Anti-heparanase rabbit polyclonal antibody (#733) was prepared against a synthetic peptide corresponding to the enzyme substrate binding domain [49] and was used for immunostaining. Anti-Akt, anti-Erk, anti-phospho Erk, and anti-p27 antibodies were purchased from Santa Cruz Biotechnology (Santa Cruz, CA); anti-phospho-Akt antibody was purchased from Cell Signaling Technologies (Beverly, MA). Anti-actin and anti-smooth muscle actin (SMA) monoclonal antibodies were purchased from Sigma (St. Louis, MO). Rat anti-mouse CD31 antibody was from Dianova (Hamburg, Germany); anti-HLA and anti-cytokeratin 8 (CK8) antibodies were purchased from Abcam (Cambridge, MA). Rat anti-mouse F4/80 antibody was purchased from Serotec (Oxford, UK). PG545 (= pixatimod), was kindly provided by Zucero Therapeutics, Brisbane, Queensland, Australia.
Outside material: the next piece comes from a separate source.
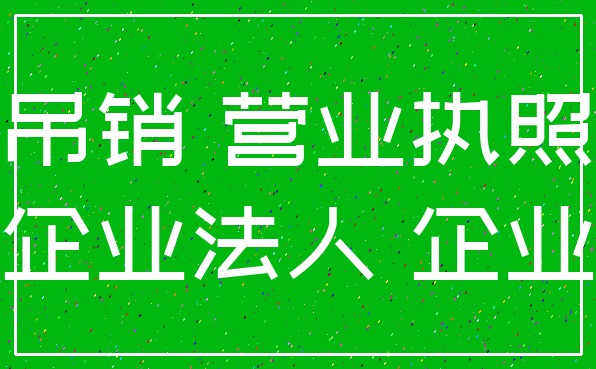 吊销 营业执照_企业法人 企业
Cells, cell culture, cell invasion and colony formation

Human [A549, HCC-827 (adenocarcinomas), and HTB-182 (squamous cell carcinoma)] and a mouse (Lewis lung carcinoma) lung cancer cell lines were purchased from the American Type Culture Collection (ATCC). Cells were cultured in DMEM medium (Biological Industries, Beit Haemek, Israel) supplemented with 10% fetal calf serum (FCS) and antibiotics. Cells were infected with a lentivirus carrying the human heparanase cDNA, selected with blasticidin and pooled, as described [50]. Colony formation in soft agar and Matrigel invasion assay were performed essentially as described [50, 51]. To quantify cellular invasion, the area covered by invading cells/filed was computed and presented graphically. Immunoblotting and ECM degradation heparanase assay were carried out as described [2527, 50, 52, 53].

Histology and immunohistochemistry

Immunostaining of formalin-fixed, paraffin-embedded tumor xenograft sections was carried out essentially as described [26, 27, 53]. Images were acquired by a Nikon ECLIPSE microscope and Digital Sight Camera (Nikon, NY, USA).

Tumor xenografts

Control (Vo) and heparanase overexpressing HCC-827 and HTB-182 cells (5 × 106/100 μl) were injected subcutaneously (s.c) into the right flank of NOD/SCID mice and tumor growth was inspected over time by externally measuring the tumor in 2 dimensions using a caliper. Cells were similarly implanted subcutaneously and mice were treated with PG545 (intraperitoneal, 20 mg/kg, once a week) starting when the tumor became palpable. Control mice received PBS. At termination, tumor xenografts were removed, weighed, and subjected to histological examination and determination of heparanase level and activity.


Data are presented as mean values ± SD. Statistical significance was analyzed by 2-tailed Student’s t test. Values of P < 0.05 were considered significant. Data sets passed D’Agostino-Pearson normality (GraphPad Prism 5 utility software).

Author contributions

IV, NI, RK and AK designed the research; AK, UB, SF and IB performed the research; NI, AK, UB, IB and YZ. analyzed the data; NI, AK, EH and IV wrote the paper.


Edward Hammond is employed by Zucero Therapeutics, Darra, Queensland, Australia. All other authors have no potential conflicts of interest to declare.


This research work was generously supported by a grant from Slava Smolokowski Fund (Atidim program, Rambam Health Care Campus). It was also supported by grants from the United States - Israel Binational Science Foundation, the Israel Science Foundation (601/14 and 2277/15) and the Israel Cancer Research Fund (ICRF). Israel Vlodavsky is a Research Professor of the ICRF.